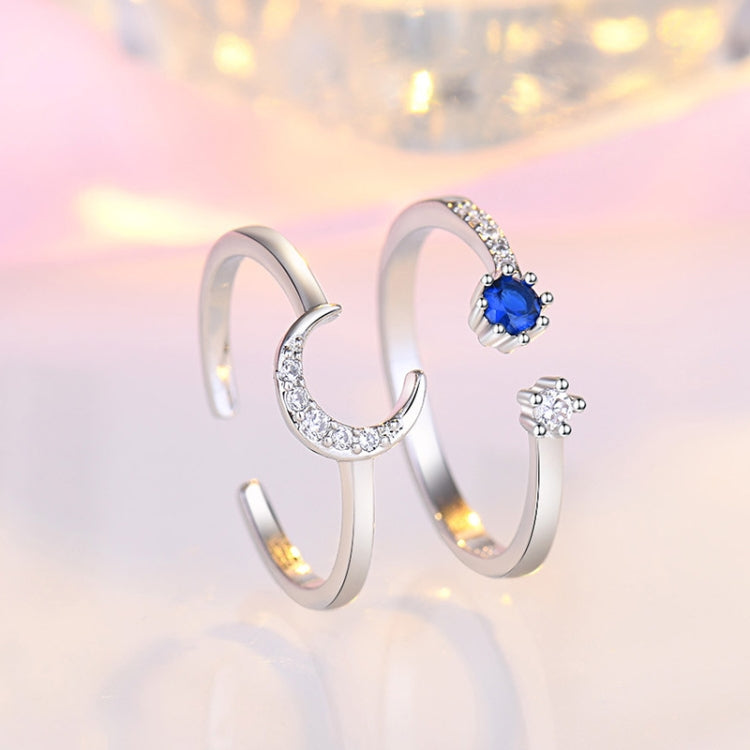 2pcs J259 Ladies Romantic Star Moon Stacked Open Rings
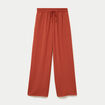 Pantalon large fluide orange fonc&eacute; femme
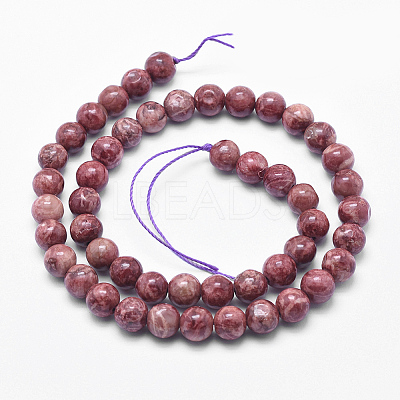 Natural Marble Beads Strands G-K211-8mm-D-1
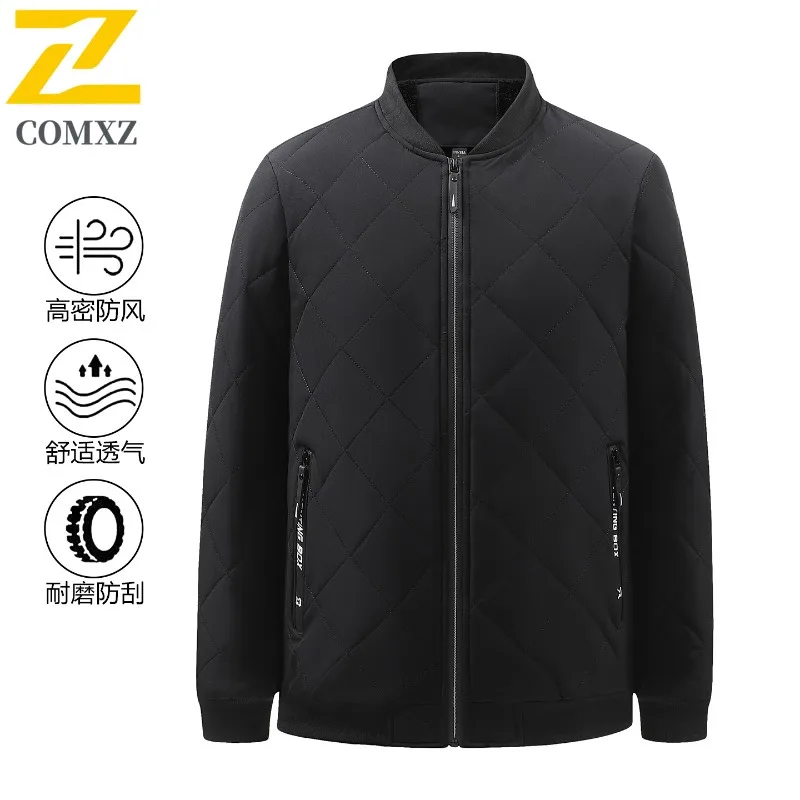 COMXZ 2025 Winter Fleece Lined Thick Cotton Jacket Men Fashion Baseball Collar Casual Outwear tactics lightweight windbreaker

- **Task statement**: The full listing, reproduced exactly and without pictures, is the expected output.

- **Response to this task**:
 2pcs J259 Ladies Romantic Star Moon Stacked Open Rings
 Pantalon large fluide orange fonc&eacute; femme
 Natural Marble Beads Strands G-K211-8mm-D-1
 COMXZ 2025 Winter Fleece Lined Thick Cotton Jacket Men Fashion Baseball Collar Casual Outwear tactics lightweight windbreaker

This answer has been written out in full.